The Night Before Harlock's Christmas
'Twas the night before Christmas, aboard the good ship, Arcadia
No one was stirring, not Mimee, Miss Kei or even Doc Thea;
Worn boots were at bedside, all ready to wear,
In hope of a full night's rest, no urgent Red Flares.
The crew was abed, all snug 'twixt their covers,
While sights of new horizons made sleepy eyes flutter.
While Harlock sat writing, dressed in a red Christmas hat,
Scribing the day log, preparing to go and take a long nap.
When above the bulkhead there came a loud clatter,
He sprang to his feet, alerted to attend to that matter!
He flew to the observation dome to see what was wrong,
Before issuing his strident Red Signal alarm.
A nebulae beauty, spread before his tired eye(s)
Gave rise to a sight as bright as sunrise.
When before his wondering eye(s) did appear,
A huge red Space Ornament, powered by eight mechanical deer!
As he rubbed his tired eye(s), disbelieving the sight,
A old bearded pilot appeared; quick and surprisingly light
Harlock stood confounded; St Nicholas legends 'fore in his mind,
His ears heard whistling, not quite what you'd think to find!
"Now Dancer, now Dancer, now Prancer and Vixen,
On, Comet, on Cupid, on Dunder and Blitzen!"
As he somehow (in vacuum!) heard the old man call;
"To the top of the ship, below the bridge, the top of the wall!
Dash away, Dash away, Dash away all!"
As before solar winds did the odd red, white and green ship nimbly fly,
Mounting Arcadia's main forecastle midst wild stormy space sky.
Agape, Harlock spied on as they arose up, up to the roof,
Mechanical prancing and pawing of each powered deer's hoof.
Harlock whirled around and ran down to the Atrium below,
Seven stories he descended, before cock's crow,
Ran into the Atrium in time to see a magical chimney appear
and from its smoky depths a man dressed in red came near.
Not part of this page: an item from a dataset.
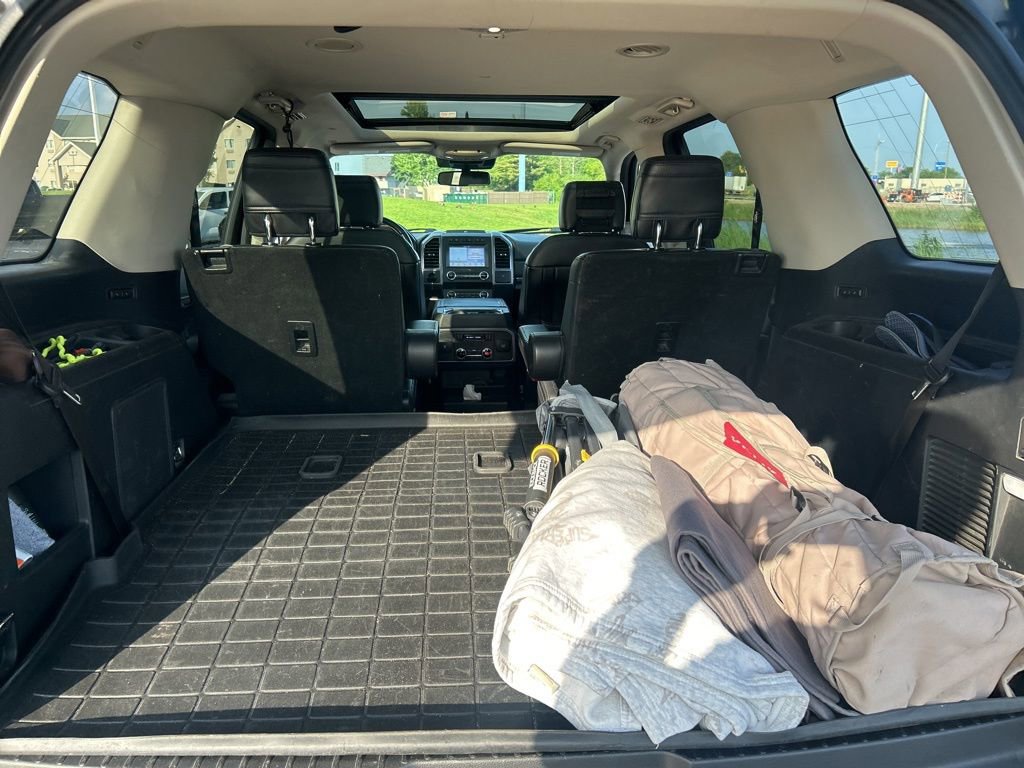 Used 2019 Ford Expedition Platinum AWD/4WD image 39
The little man fell out of the new chimney in a bound,
Before the Captain could quite turn around.
The man was dressed all in fur, from his head to his foot
Even his EVA Helmet was shaped and covered in soot!
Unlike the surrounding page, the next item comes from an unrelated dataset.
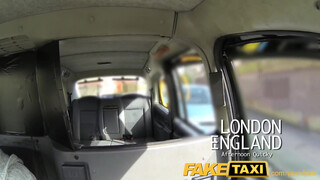 FakeTaxi cuki göndör csoki nőci nagyon jól baszható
A shouldered large sack came off of his ample wide back
Looking like a space tinker opening up his repair pack.
Bemused, Harlock studied his legendary, large and colorful guest,
Noted twinkling eyes, red trousers, ermine coat and brocade vest.
His face was round, rosy cheeks and cherry red nose,
An amused little mouth, drawn up like cupid's bow;
A snowy white mustache and long silky beard completed the look,
Just out of a children's ancient Christmas story book.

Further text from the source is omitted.